You do not need to enable or tweak anything for these to work, they are built-in features.

Differences in inline parsing

Emphasis and strong emphasis is an especially hairy topic in Common Mark. There are 17 ad-hoc rules definition interaction between * and _ -based emphasis and more than half of all Common Mark examples (that's about 300) test this tricky logic.

Not only it is hard to implement (for tools built around markdown too), it's hard to understand for humans too. For example, this input:

*(*foo*)*

produces this HTML:

<p><em>(<em>foo</em>)</em></p>

(Note the nested emphasis.)

Could it produce something like this instead?

<p><em>(</em>foo<em>)</em></p>

Well, it could! Without remembering those 17 ad-hoc rules, there going to be a lot of tricky cases when a user won't be able to tell how markdown will be parsed.

I decided to make parsing of emphasis, strong emphasis, and similar constructs like strikethrough, subscript, and superscript more symmetric and less ad-hoc. This is a work in progress and I'm not fully satisfied with the current approach, and it does not allow to express some combinations of characters and markup, but in 99% of practical cases it works just like Common Mark and normal markdown intuitions will work OK for the users.

Let's start by dividing all characters into three groups:

  • Markup characters, including the following: *, ~, _, `, ^, [, ]. These are used for markup and whenever they appear in a document, they must form valid markup constructions.

  • Space characters, including space, tab, newline, carriage return, and some Unicode space characters.

  • Other characters, which include all characters not falling into the two groups described above.

Markup characters and even space characters can be “converted” to other characters via backslash escaping. We'll see how this is useful in a few moments.

We'll call markdown characters placed between space characters and other characters left-flanking delimiter run. These markup characters sort of hang on the left hand side of a word.

Similarly we'll call markdown characters placed between other characters and space characters right-flanking delimiter run. These hang on the right hand side of a word.

Emphasis markup (and other similar things like strikethrough, which we won't mention explicitly anymore for brevity) can start only as left-flanking delimiter run and end only as right-flanking delimiter run.

This produces a parse error:

*Something * is not right.
Something __is __ not right.

And this too:

__foo__bar

This means that inter-word emphasis is not supported by this approach.

There is one more tricky thing. In some cases we want to end emphasis and have full stop or other punctuation right after it:

Here it *goes*.

You can see that the closing * is not in right-flanking position here, and so it's a parse error. To avoid this, some punctuation that normally appears outside of markup were made “transparent” and it's regarded as white space, so the example above parses correctly and works as expected. To put a transparent character inside emphasis, backslash escaping is necessary:

We *\(can\)* have it.

Here ( and ) are transparent punctuation characters, just like ., so they must be turned into other characters to go inside the emphasis. This is a corner case and should not be common in practice.

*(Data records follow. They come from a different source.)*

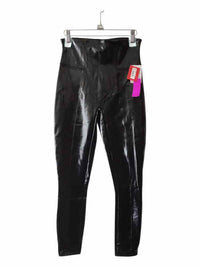 Spanx Black Size M Leggings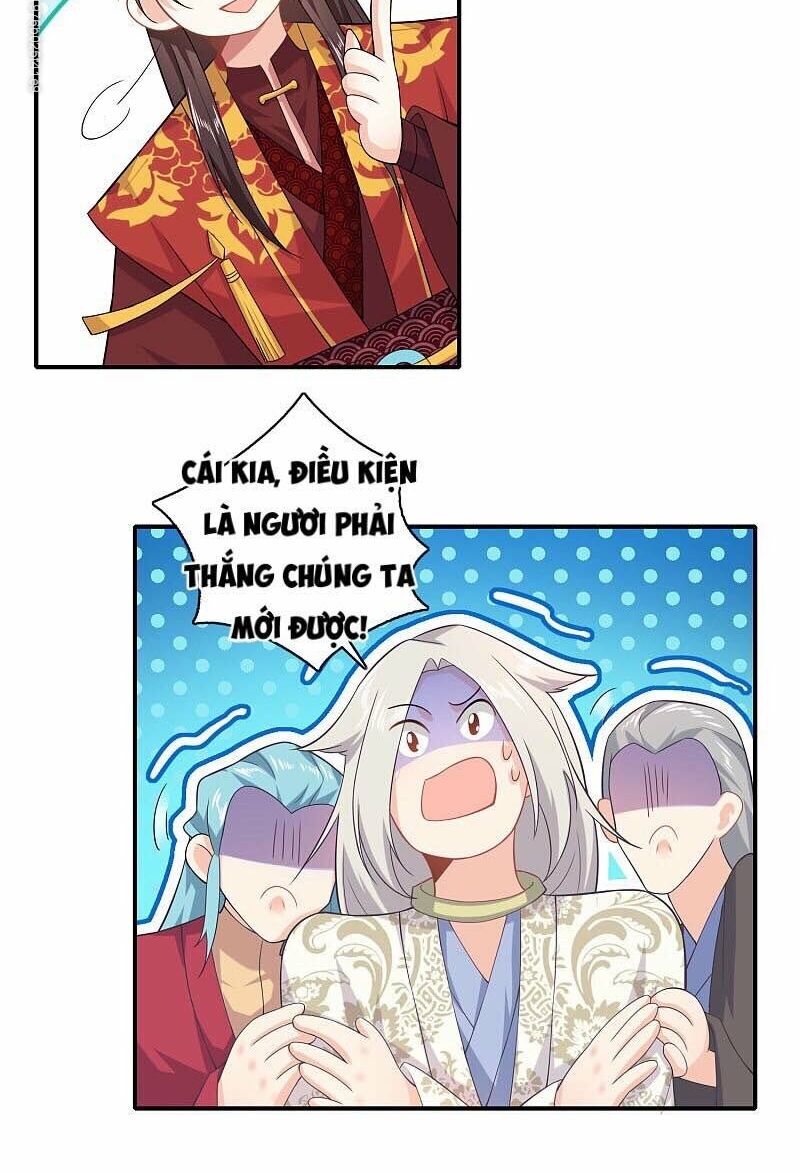 Cực Phẩm Cuồng Tể: Chapter 13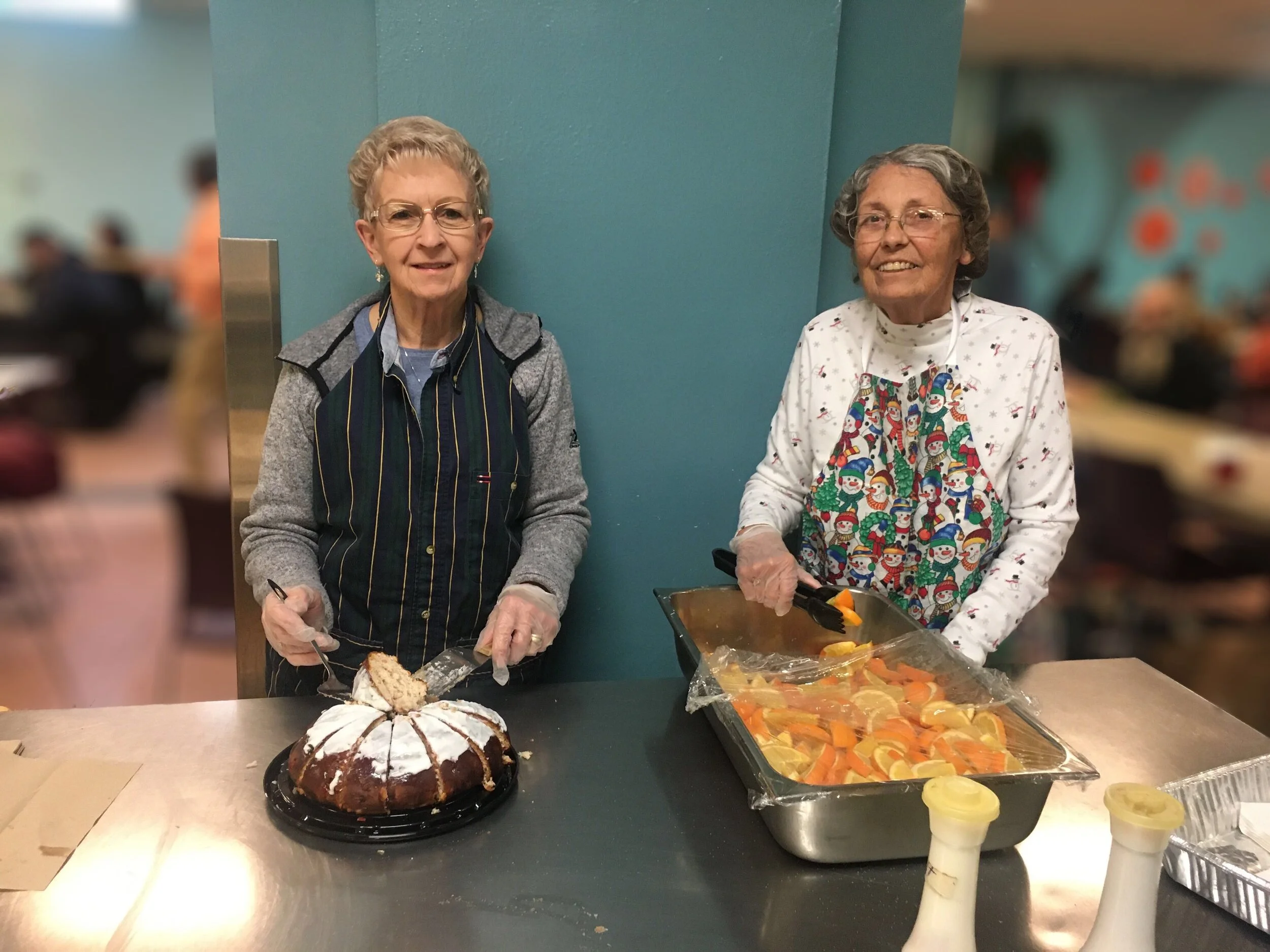 Local organizations express concern with poverty levels, lack of housing in Duluth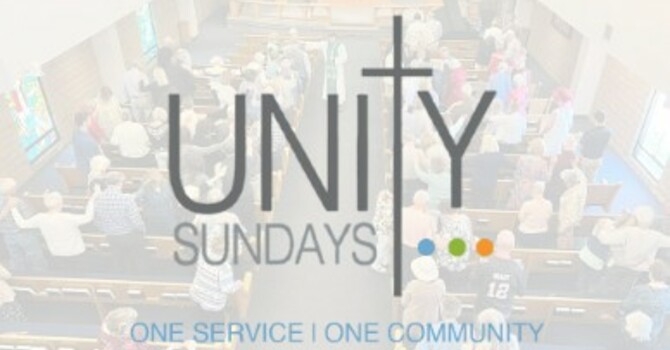 Unity Sunday 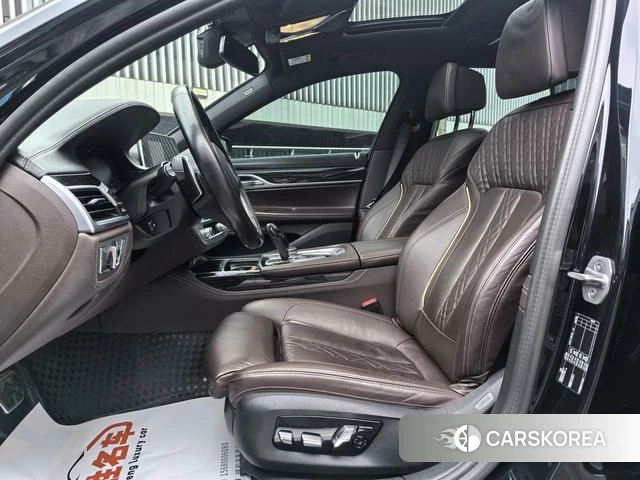 BMW 7 series id 4299476 из Китая 13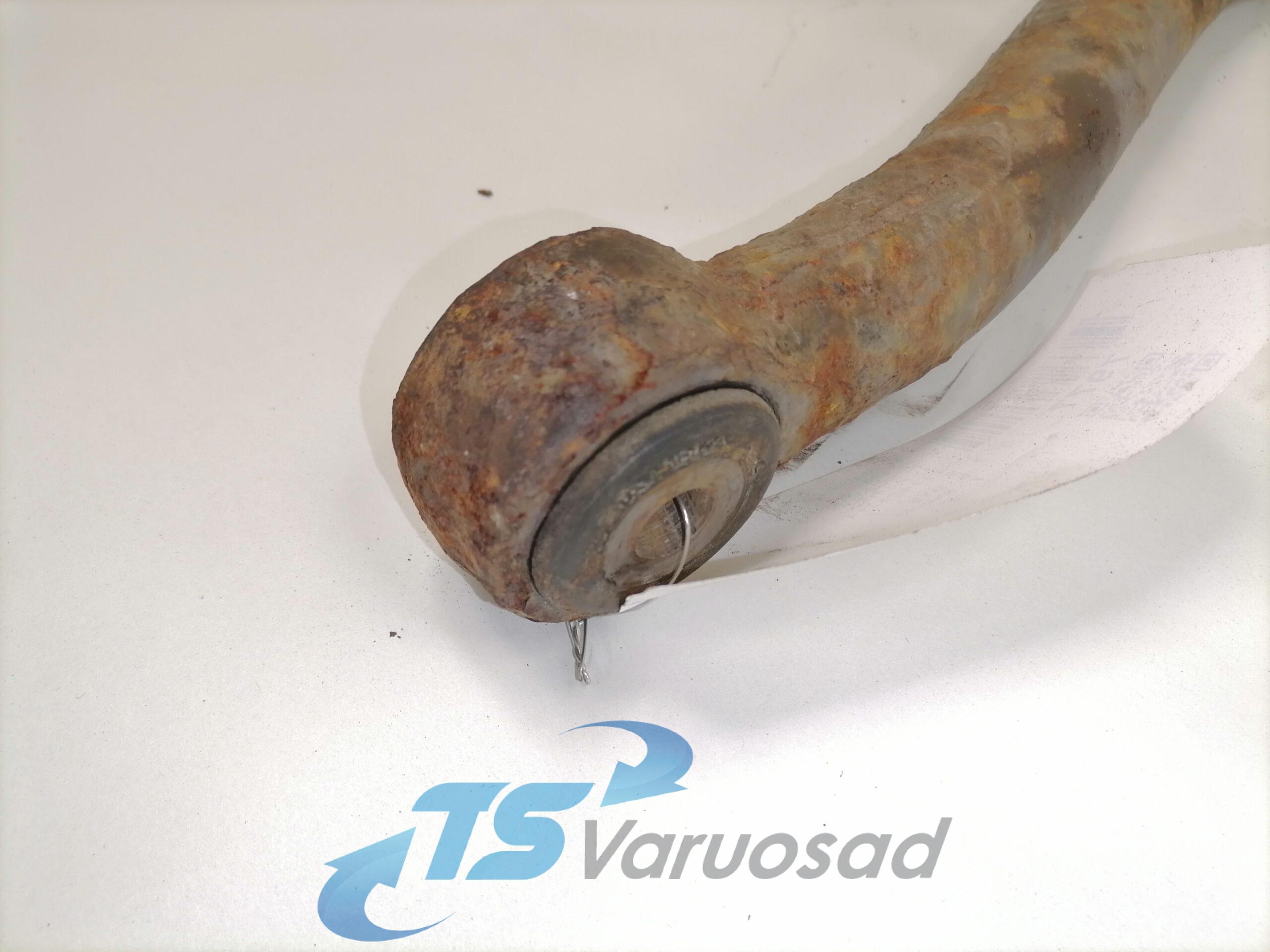 Stabilisaatorvarras, esisild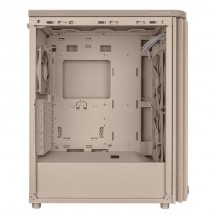 Carcasa ASUS ProArt PA401 Wood Mesh PWM Beige 90DC00M7-B39000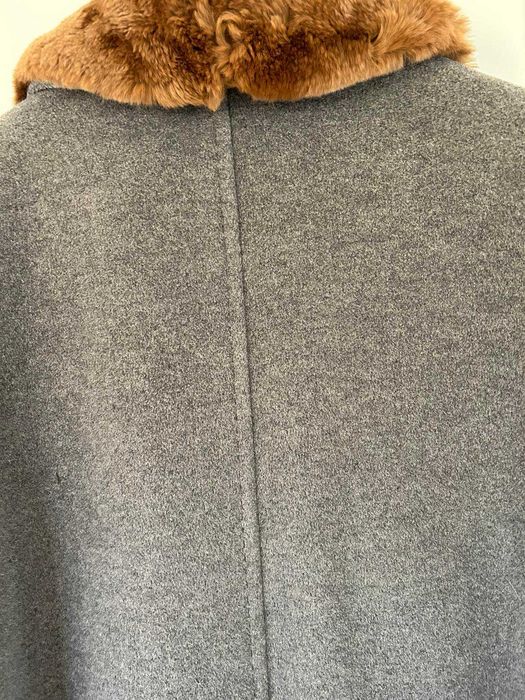 Палто MaxMara, от линията Sportmax, размер IT 44
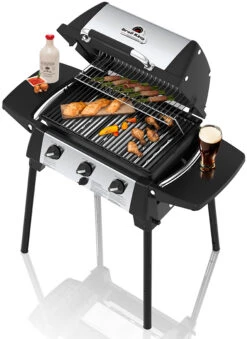 Broil King Porta Chef 320 Gasgrill -GrillWelt Verkäufe 11890 broil king porta chef 952652
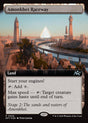 Amonkhet Raceway (424) - Aetherdrift (DFT)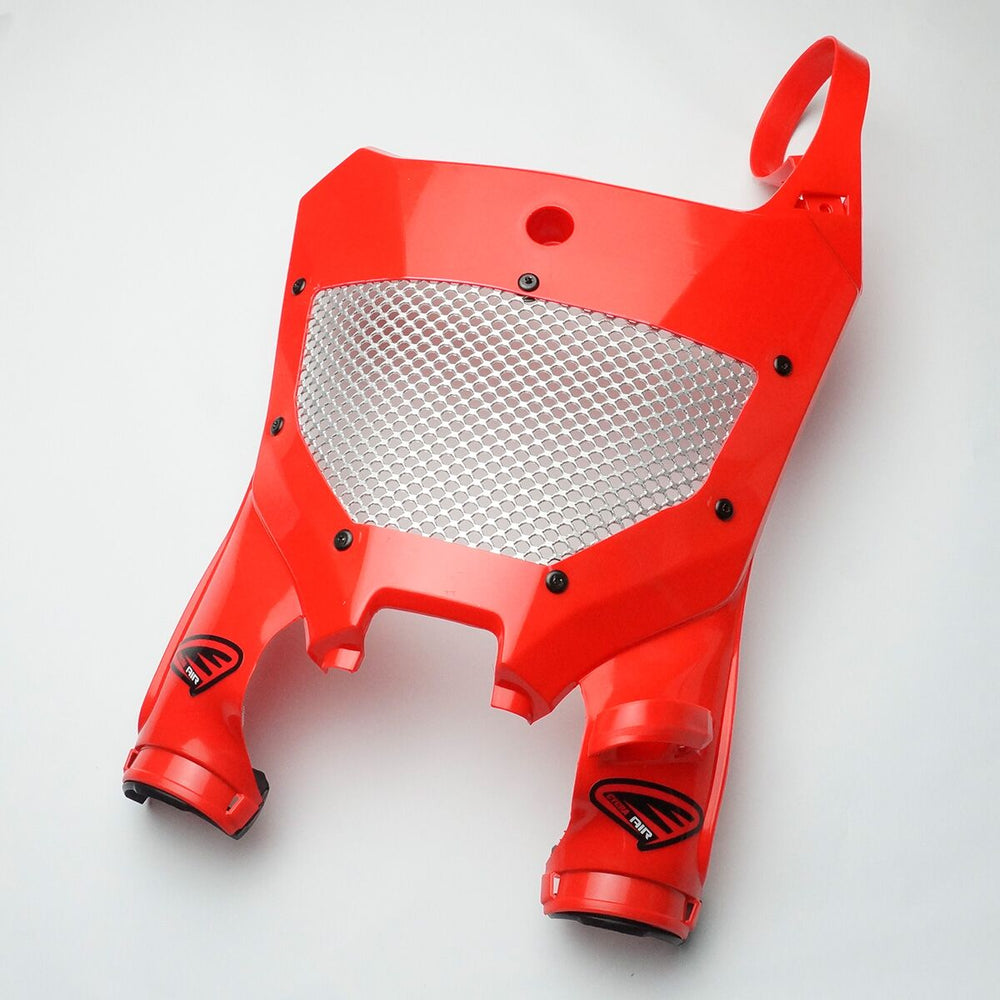 Cycra Stadium Plaque Vented CRF 450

So far the main limitation of this approach is pains with inter-word markup, as in this example:

**We started to work on the *issue*.**

Should we escape . here? On one hand we should, to close **. But if we do, the closing * won't be in right-flanking position anymore. God damn it.

Other differences

  • Fenced code blocks must be explicitly closed by a closing fence. They are not closed by the end of document or by start of another block.
  • MMark does not support hard line breaks represented as double space before newline. Nevertheless, hard line breaks in the form of backslash before newline are supported.
  • Link destination cannot contain unescaped parentheses even if they form a balanced pair. If you want them there, escape them like other punctuation characters.
  • Nesting images into description of other images is not allowed (similarly to the situation with links).
  • Separate declaration of image's source and title is not (yet) supported.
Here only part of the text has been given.